The expected result is every line of the records, printed exactly.

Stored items
________________________________________
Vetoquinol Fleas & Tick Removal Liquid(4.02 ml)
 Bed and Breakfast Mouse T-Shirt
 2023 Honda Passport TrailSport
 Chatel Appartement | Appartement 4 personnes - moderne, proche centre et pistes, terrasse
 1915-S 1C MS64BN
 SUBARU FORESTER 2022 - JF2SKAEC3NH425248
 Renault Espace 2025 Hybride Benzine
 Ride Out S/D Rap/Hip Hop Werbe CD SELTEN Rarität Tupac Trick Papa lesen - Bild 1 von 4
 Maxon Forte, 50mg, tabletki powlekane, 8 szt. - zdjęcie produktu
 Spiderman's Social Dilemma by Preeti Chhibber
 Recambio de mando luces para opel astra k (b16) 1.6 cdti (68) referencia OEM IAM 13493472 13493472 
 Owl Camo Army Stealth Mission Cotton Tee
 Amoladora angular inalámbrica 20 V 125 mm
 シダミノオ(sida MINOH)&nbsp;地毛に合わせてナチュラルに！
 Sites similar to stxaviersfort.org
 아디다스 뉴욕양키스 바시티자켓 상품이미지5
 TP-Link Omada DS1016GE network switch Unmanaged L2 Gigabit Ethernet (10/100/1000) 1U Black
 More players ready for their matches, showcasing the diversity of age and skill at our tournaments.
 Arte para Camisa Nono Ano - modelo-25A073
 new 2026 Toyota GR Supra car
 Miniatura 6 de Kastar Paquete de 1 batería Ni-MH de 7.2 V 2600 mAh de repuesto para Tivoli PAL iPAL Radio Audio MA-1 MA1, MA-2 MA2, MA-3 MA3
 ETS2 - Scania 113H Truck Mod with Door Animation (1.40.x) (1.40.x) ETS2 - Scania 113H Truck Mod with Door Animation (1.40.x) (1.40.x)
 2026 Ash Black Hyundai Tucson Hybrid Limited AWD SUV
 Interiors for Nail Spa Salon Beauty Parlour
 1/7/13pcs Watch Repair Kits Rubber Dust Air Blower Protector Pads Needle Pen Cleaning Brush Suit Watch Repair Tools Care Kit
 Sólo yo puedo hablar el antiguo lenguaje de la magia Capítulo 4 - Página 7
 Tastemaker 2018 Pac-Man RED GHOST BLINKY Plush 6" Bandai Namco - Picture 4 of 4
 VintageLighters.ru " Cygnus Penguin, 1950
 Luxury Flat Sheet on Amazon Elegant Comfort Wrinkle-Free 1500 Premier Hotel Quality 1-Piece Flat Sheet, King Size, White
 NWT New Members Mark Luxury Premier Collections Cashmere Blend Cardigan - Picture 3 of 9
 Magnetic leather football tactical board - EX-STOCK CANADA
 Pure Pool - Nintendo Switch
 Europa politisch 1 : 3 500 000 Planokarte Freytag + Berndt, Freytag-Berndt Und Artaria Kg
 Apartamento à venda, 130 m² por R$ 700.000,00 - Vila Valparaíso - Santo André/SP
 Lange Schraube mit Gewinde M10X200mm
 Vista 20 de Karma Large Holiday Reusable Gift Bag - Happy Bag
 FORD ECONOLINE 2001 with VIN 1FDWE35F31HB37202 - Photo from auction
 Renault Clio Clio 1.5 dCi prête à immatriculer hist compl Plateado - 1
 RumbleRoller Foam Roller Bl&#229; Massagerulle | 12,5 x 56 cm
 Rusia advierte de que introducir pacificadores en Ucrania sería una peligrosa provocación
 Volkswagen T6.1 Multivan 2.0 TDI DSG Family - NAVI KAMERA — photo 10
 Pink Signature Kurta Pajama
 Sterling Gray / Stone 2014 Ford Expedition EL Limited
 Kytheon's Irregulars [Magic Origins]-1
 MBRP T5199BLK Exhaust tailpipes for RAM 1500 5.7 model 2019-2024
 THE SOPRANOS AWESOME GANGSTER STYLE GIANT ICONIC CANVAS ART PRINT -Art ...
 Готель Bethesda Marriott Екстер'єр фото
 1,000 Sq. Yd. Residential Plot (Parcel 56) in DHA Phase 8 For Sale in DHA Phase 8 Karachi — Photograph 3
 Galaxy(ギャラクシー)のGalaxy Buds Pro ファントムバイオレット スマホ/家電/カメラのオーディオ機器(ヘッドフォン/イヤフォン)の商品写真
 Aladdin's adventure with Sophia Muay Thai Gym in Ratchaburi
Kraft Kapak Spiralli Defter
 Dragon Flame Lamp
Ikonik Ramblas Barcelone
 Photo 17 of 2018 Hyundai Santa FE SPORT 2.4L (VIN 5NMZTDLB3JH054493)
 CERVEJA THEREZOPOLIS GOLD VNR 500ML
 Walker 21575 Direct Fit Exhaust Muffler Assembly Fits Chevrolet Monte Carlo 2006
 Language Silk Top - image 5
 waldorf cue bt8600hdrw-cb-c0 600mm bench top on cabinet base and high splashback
________________________________________
* [EXERCISE ANSWER]:
Vetoquinol Fleas & Tick Removal Liquid(4.02 ml)
 Bed and Breakfast Mouse T-Shirt
 2023 Honda Passport TrailSport
 Chatel Appartement | Appartement 4 personnes - moderne, proche centre et pistes, terrasse
 1915-S 1C MS64BN
 SUBARU FORESTER 2022 - JF2SKAEC3NH425248
 Renault Espace 2025 Hybride Benzine
 Ride Out S/D Rap/Hip Hop Werbe CD SELTEN Rarität Tupac Trick Papa lesen - Bild 1 von 4
 Maxon Forte, 50mg, tabletki powlekane, 8 szt. - zdjęcie produktu
 Spiderman's Social Dilemma by Preeti Chhibber
 Recambio de mando luces para opel astra k (b16) 1.6 cdti (68) referencia OEM IAM 13493472 13493472 
 Owl Camo Army Stealth Mission Cotton Tee
 Amoladora angular inalámbrica 20 V 125 mm
 シダミノオ(sida MINOH)&nbsp;地毛に合わせてナチュラルに！
 Sites similar to stxaviersfort.org
 아디다스 뉴욕양키스 바시티자켓 상품이미지5
 TP-Link Omada DS1016GE network switch Unmanaged L2 Gigabit Ethernet (10/100/1000) 1U Black
 More players ready for their matches, showcasing the diversity of age and skill at our tournaments.
 Arte para Camisa Nono Ano - modelo-25A073
 new 2026 Toyota GR Supra car
 Miniatura 6 de Kastar Paquete de 1 batería Ni-MH de 7.2 V 2600 mAh de repuesto para Tivoli PAL iPAL Radio Audio MA-1 MA1, MA-2 MA2, MA-3 MA3
 ETS2 - Scania 113H Truck Mod with Door Animation (1.40.x) (1.40.x) ETS2 - Scania 113H Truck Mod with Door Animation (1.40.x) (1.40.x)
 2026 Ash Black Hyundai Tucson Hybrid Limited AWD SUV
 Interiors for Nail Spa Salon Beauty Parlour
 1/7/13pcs Watch Repair Kits Rubber Dust Air Blower Protector Pads Needle Pen Cleaning Brush Suit Watch Repair Tools Care Kit
 Sólo yo puedo hablar el antiguo lenguaje de la magia Capítulo 4 - Página 7
 Tastemaker 2018 Pac-Man RED GHOST BLINKY Plush 6" Bandai Namco - Picture 4 of 4
 VintageLighters.ru " Cygnus Penguin, 1950
 Luxury Flat Sheet on Amazon Elegant Comfort Wrinkle-Free 1500 Premier Hotel Quality 1-Piece Flat Sheet, King Size, White
 NWT New Members Mark Luxury Premier Collections Cashmere Blend Cardigan - Picture 3 of 9
 Magnetic leather football tactical board - EX-STOCK CANADA
 Pure Pool - Nintendo Switch
 Europa politisch 1 : 3 500 000 Planokarte Freytag + Berndt, Freytag-Berndt Und Artaria Kg
 Apartamento à venda, 130 m² por R$ 700.000,00 - Vila Valparaíso - Santo André/SP
 Lange Schraube mit Gewinde M10X200mm
 Vista 20 de Karma Large Holiday Reusable Gift Bag - Happy Bag
 FORD ECONOLINE 2001 with VIN 1FDWE35F31HB37202 - Photo from auction
 Renault Clio Clio 1.5 dCi prête à immatriculer hist compl Plateado - 1
 RumbleRoller Foam Roller Bl&#229; Massagerulle | 12,5 x 56 cm
 Rusia advierte de que introducir pacificadores en Ucrania sería una peligrosa provocación
 Volkswagen T6.1 Multivan 2.0 TDI DSG Family - NAVI KAMERA — photo 10
 Pink Signature Kurta Pajama
 Sterling Gray / Stone 2014 Ford Expedition EL Limited
 Kytheon's Irregulars [Magic Origins]-1
 MBRP T5199BLK Exhaust tailpipes for RAM 1500 5.7 model 2019-2024
 THE SOPRANOS AWESOME GANGSTER STYLE GIANT ICONIC CANVAS ART PRINT -Art ...
 Готель Bethesda Marriott Екстер'єр фото
 1,000 Sq. Yd. Residential Plot (Parcel 56) in DHA Phase 8 For Sale in DHA Phase 8 Karachi — Photograph 3
 Galaxy(ギャラクシー)のGalaxy Buds Pro ファントムバイオレット スマホ/家電/カメラのオーディオ機器(ヘッドフォン/イヤフォン)の商品写真
 Aladdin's adventure with Sophia Muay Thai Gym in Ratchaburi
Kraft Kapak Spiralli Defter
 Dragon Flame Lamp
Ikonik Ramblas Barcelone
 Photo 17 of 2018 Hyundai Santa FE SPORT 2.4L (VIN 5NMZTDLB3JH054493)
 CERVEJA THEREZOPOLIS GOLD VNR 500ML
 Walker 21575 Direct Fit Exhaust Muffler Assembly Fits Chevrolet Monte Carlo 2006
 Language Silk Top - image 5
 waldorf cue bt8600hdrw-cb-c0 600mm bench top on cabinet base and high splashback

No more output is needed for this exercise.